Meier's photographs and films are claimed by him to show alien spacecraft floating above the Swiss countryside. He calls the alleged spaceships "beamships" from Plejaren. According to Meier, the Plejaren gave him permission to photograph and film their beamships so that he could produce evidence of their extraterrestrial visitations. Some of Meier's photos are claimed by him to show prehistoric Earth scenes, extraterrestrials, and celestial objects from an alleged non-Earthly vantage point. Meier's claims are widely characterized as fraudulent by scientists, skeptics, and most ufologists, who say that his photographs and films are hoaxes. In interviews with author Gary Kinder, Meier admitted to using models to recreate scenes after his wife showed photos of incomplete models he thought he had destroyed by burning. During a 2017 art exhibit about conspiracies, many of Meier's photographs were shown. Photography curator Gordon MacDonald commented on examinations from the 1970s that the photos weren't doctored saying "Just because photographs are real – ie real images made with a real camera – doesn't mean they are of what the person says they're of." One of Meier's photographs is notable for being the background of the "I want to believe" poster in The X-Files before an intellectual property lawsuit forced producers to change the poster background to a different photo in the fourth season of the series.

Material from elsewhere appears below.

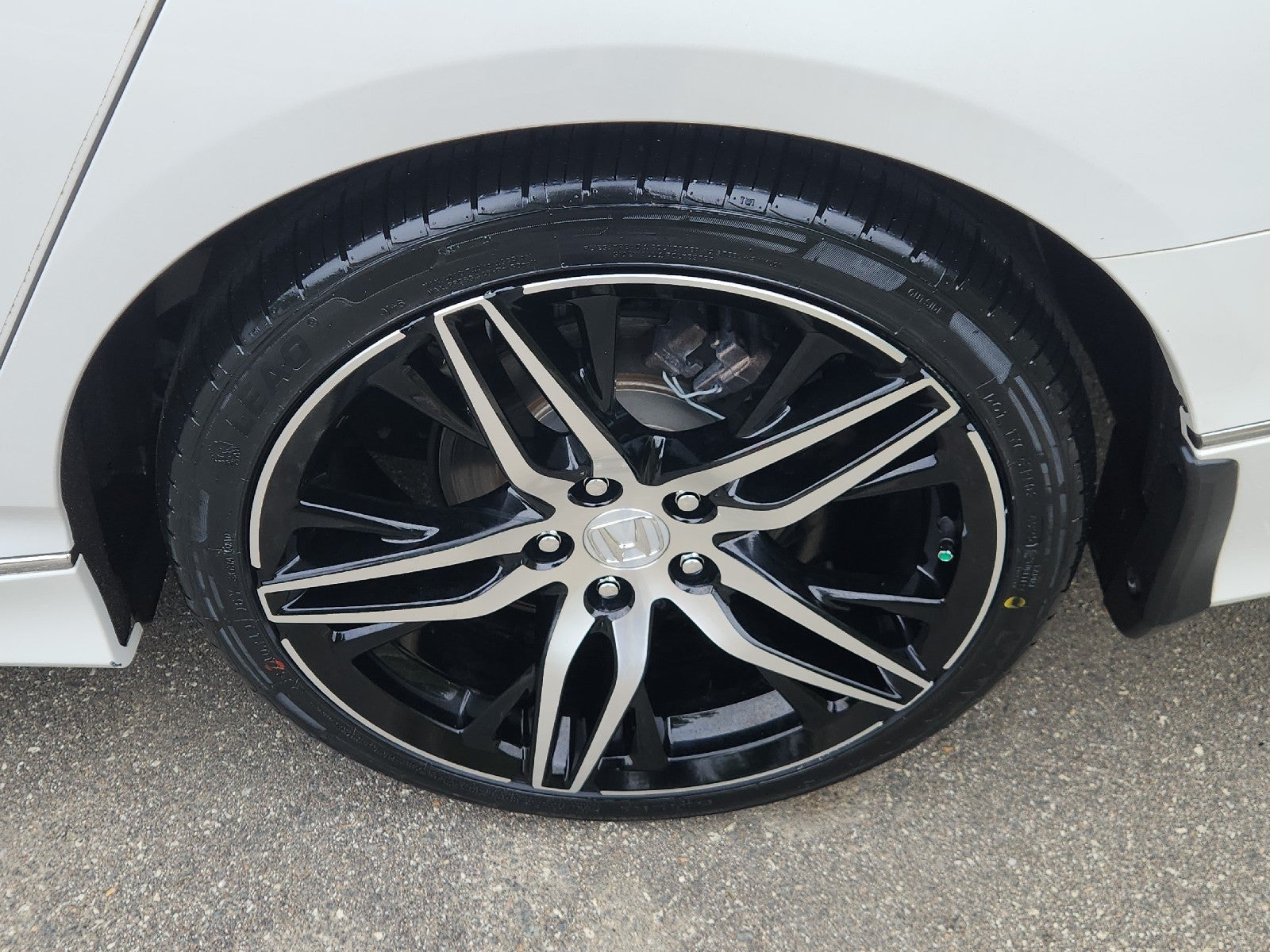 2022 Honda Accord Hybrid Touring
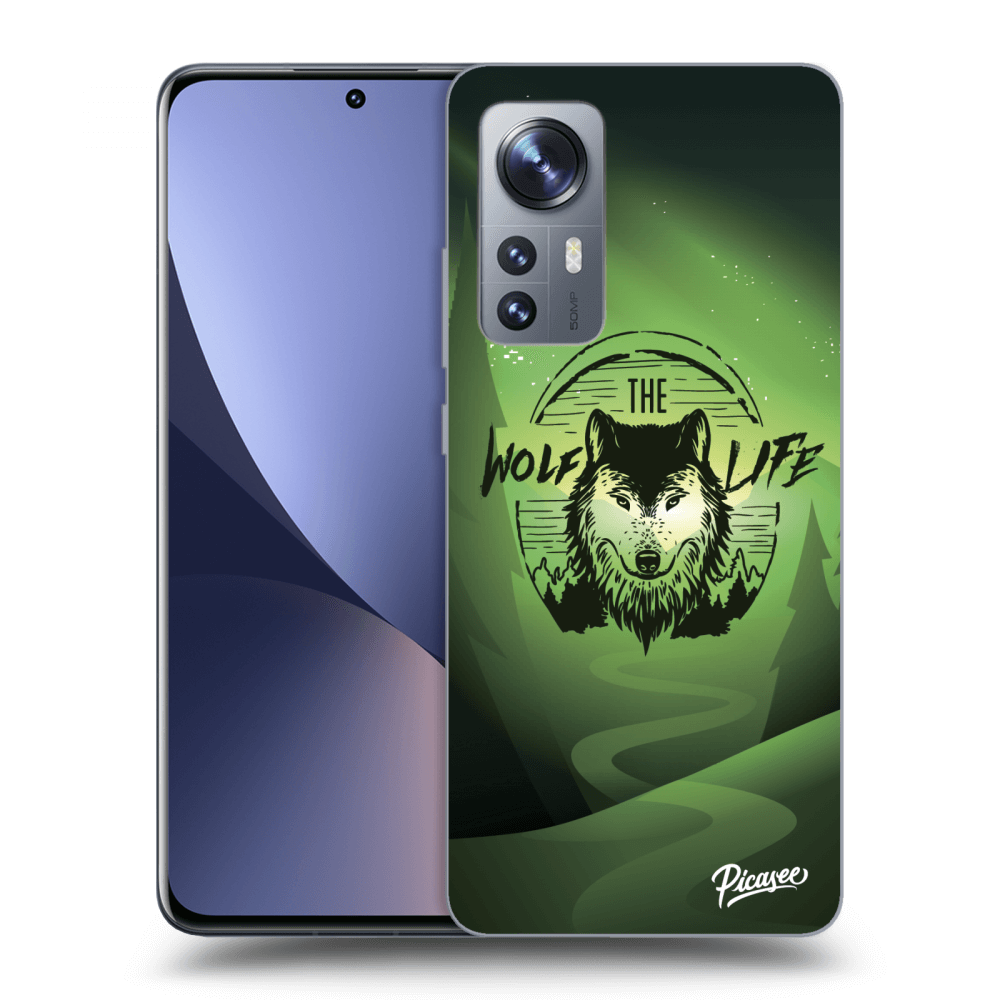 ULTIMATE CASE Für Xiaomi 12X - Das Leben Eines Wolfes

In 1997, Meier's ex-wife, Kalliope, told interviewers that his photos were of spaceship models he crafted with items like trash can lids, carpet tacks and other household objects, and that the stories he told of his adventures with the aliens were similarly fictitious. She also said that photos of purported extraterrestrial women "Asket" and "Nera" were really photos of Michelle DellaFave and Susan Lund, members of the singing and dancing troupe The Golddiggers. It was later confirmed that the women in the photographs were members of The Golddiggers performing on The Dean Martin Show.

== Media ==
Billy Meier’s claims were the subject of Contact, a 1987 hagiography written and directed by Larry Savadove that presents his story solely through Meier and his supporters, without including skeptical viewpoints. The film is narrated by David Warner, featuring Meier's apologetics Lee Elders and Wendelle Stevens.